Lulu, there are some great Lebanese and Turkish patisseries in the Edgware Road, if you're ever in that area.  My daughter has lived and worked in Lebanon and always ensures that on visits to the capital, we seem to always have a reason to visit that area and have lunch or dinner in one of the restaurants!

I lived in Cyprus for a number of years when I was a child, and our cook used to make THE most wonderful Greek pastries and puddings.  Vasillou, where are you know, I wonder?!


----------



## Andy M. (Aug 25, 2006)

*Burma*






We've made these at home. They are baked dry and the syrup is added afterwards.


----------



## ChefJune (Aug 25, 2006)

There's a Lebanese family who makes the best falafel etc in Jersey City at a little place called "Ibby's."  They also have amazing pastries, but nothing called "Bourma."  There is a nut-encrusted one I particularly like called Marbrouma.  Is that the one you mean?  I'd be glad to ask them if they saute some of their pastries in ghee.


----------



## XeniA (Aug 25, 2006)

Hi again everybody. Happy to see I've generated such interest ... and this is just THINKING about these yummy things!

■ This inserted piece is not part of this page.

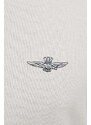 Bavlněný svetr Aeronautica Militare béžová barva, lehký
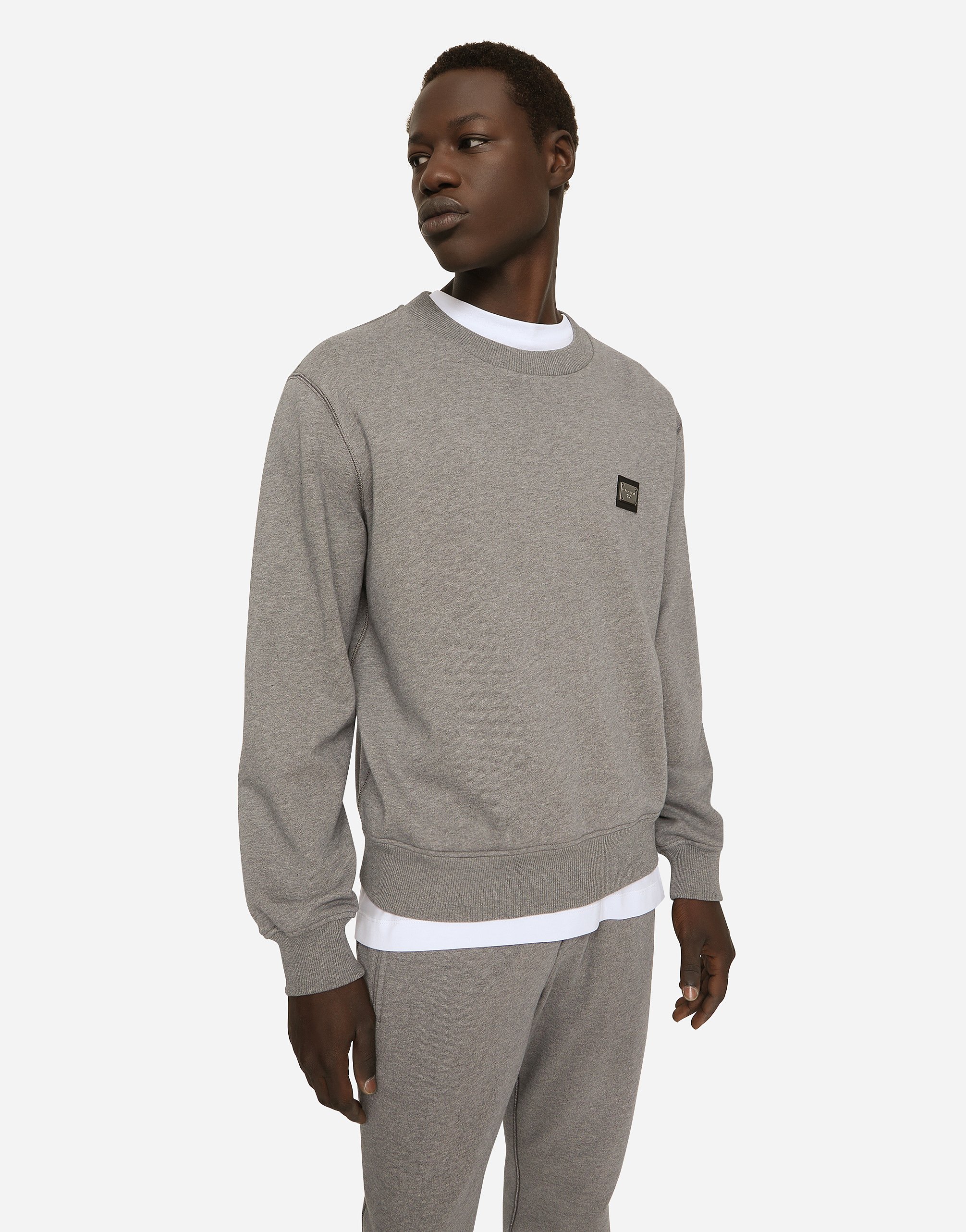 Shop Dolce & Gabbana Jersey Sweatshirt With Branded Tag In Grey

Andy, thanks very much but those you show in the photo (how DID you insert that thing?!) aren't what I'm referring to. I'm really very sure they are sauteed.

Lulu, I don't get to London often, but I'm due. I'd love directions, please! Regarding that "sundrenched" flavor you miss, I wonder if it's the orange blossom water? Just amazing, amazing, stuff (ever had malahabiya, the creamy white milky dessert drenched with an orange-flower syrup and topped with chopped pistachios? TO DIE FOR!)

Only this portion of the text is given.